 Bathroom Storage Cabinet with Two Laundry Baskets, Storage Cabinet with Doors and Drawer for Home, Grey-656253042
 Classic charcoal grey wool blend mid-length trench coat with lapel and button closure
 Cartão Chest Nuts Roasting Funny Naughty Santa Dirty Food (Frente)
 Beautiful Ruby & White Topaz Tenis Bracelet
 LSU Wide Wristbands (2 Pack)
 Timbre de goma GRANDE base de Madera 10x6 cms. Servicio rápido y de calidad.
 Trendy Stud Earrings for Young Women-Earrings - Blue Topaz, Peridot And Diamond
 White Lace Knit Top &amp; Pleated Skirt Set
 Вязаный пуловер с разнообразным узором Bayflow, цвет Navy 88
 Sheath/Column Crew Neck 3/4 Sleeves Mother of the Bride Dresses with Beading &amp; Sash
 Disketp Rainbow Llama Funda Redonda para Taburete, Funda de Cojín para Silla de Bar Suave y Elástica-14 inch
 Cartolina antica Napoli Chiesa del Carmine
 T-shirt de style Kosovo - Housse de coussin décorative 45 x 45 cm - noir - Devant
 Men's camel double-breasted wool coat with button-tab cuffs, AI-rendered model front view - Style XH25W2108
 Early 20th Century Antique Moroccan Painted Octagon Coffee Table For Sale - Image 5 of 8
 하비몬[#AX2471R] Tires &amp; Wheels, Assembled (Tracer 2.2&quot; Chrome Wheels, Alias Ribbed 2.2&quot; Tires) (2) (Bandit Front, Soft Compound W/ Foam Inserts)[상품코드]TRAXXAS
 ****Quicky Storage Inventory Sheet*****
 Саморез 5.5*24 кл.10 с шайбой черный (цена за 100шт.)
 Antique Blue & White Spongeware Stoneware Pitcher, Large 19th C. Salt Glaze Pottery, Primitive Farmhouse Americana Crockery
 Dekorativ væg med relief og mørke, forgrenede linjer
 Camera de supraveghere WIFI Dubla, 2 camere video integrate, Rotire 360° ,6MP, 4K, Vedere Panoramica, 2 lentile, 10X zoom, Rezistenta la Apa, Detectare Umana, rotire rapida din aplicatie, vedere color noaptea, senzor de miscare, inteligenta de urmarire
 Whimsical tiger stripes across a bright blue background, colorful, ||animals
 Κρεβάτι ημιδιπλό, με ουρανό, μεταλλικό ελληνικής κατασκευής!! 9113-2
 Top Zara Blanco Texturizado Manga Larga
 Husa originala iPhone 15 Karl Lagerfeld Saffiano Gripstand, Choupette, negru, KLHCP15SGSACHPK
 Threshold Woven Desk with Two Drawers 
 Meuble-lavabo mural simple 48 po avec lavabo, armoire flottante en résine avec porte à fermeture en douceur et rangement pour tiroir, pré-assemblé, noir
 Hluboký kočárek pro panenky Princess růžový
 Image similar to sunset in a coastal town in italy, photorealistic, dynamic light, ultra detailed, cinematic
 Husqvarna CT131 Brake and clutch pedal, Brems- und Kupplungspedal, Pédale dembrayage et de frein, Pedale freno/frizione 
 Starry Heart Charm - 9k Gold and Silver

**What is required**
Every record above is to be restated exactly as it reads.

**Task result**
 Bathroom Storage Cabinet with Two Laundry Baskets, Storage Cabinet with Doors and Drawer for Home, Grey-656253042
 Classic charcoal grey wool blend mid-length trench coat with lapel and button closure
 Cartão Chest Nuts Roasting Funny Naughty Santa Dirty Food (Frente)
 Beautiful Ruby & White Topaz Tenis Bracelet
 LSU Wide Wristbands (2 Pack)
 Timbre de goma GRANDE base de Madera 10x6 cms. Servicio rápido y de calidad.
 Trendy Stud Earrings for Young Women-Earrings - Blue Topaz, Peridot And Diamond
 White Lace Knit Top &amp; Pleated Skirt Set
 Вязаный пуловер с разнообразным узором Bayflow, цвет Navy 88
 Sheath/Column Crew Neck 3/4 Sleeves Mother of the Bride Dresses with Beading &amp; Sash
 Disketp Rainbow Llama Funda Redonda para Taburete, Funda de Cojín para Silla de Bar Suave y Elástica-14 inch
 Cartolina antica Napoli Chiesa del Carmine
 T-shirt de style Kosovo - Housse de coussin décorative 45 x 45 cm - noir - Devant
 Men's camel double-breasted wool coat with button-tab cuffs, AI-rendered model front view - Style XH25W2108
 Early 20th Century Antique Moroccan Painted Octagon Coffee Table For Sale - Image 5 of 8
 하비몬[#AX2471R] Tires &amp; Wheels, Assembled (Tracer 2.2&quot; Chrome Wheels, Alias Ribbed 2.2&quot; Tires) (2) (Bandit Front, Soft Compound W/ Foam Inserts)[상품코드]TRAXXAS
 ****Quicky Storage Inventory Sheet*****
 Саморез 5.5*24 кл.10 с шайбой черный (цена за 100шт.)
 Antique Blue & White Spongeware Stoneware Pitcher, Large 19th C. Salt Glaze Pottery, Primitive Farmhouse Americana Crockery
 Dekorativ væg med relief og mørke, forgrenede linjer
 Camera de supraveghere WIFI Dubla, 2 camere video integrate, Rotire 360° ,6MP, 4K, Vedere Panoramica, 2 lentile, 10X zoom, Rezistenta la Apa, Detectare Umana, rotire rapida din aplicatie, vedere color noaptea, senzor de miscare, inteligenta de urmarire
 Whimsical tiger stripes across a bright blue background, colorful, ||animals
 Κρεβάτι ημιδιπλό, με ουρανό, μεταλλικό ελληνικής κατασκευής!! 9113-2
 Top Zara Blanco Texturizado Manga Larga
 Husa originala iPhone 15 Karl Lagerfeld Saffiano Gripstand, Choupette, negru, KLHCP15SGSACHPK
 Threshold Woven Desk with Two Drawers 
 Meuble-lavabo mural simple 48 po avec lavabo, armoire flottante en résine avec porte à fermeture en douceur et rangement pour tiroir, pré-assemblé, noir
 Hluboký kočárek pro panenky Princess růžový
 Image similar to sunset in a coastal town in italy, photorealistic, dynamic light, ultra detailed, cinematic
 Husqvarna CT131 Brake and clutch pedal, Brems- und Kupplungspedal, Pédale dembrayage et de frein, Pedale freno/frizione 
 Starry Heart Charm - 9k Gold and Silver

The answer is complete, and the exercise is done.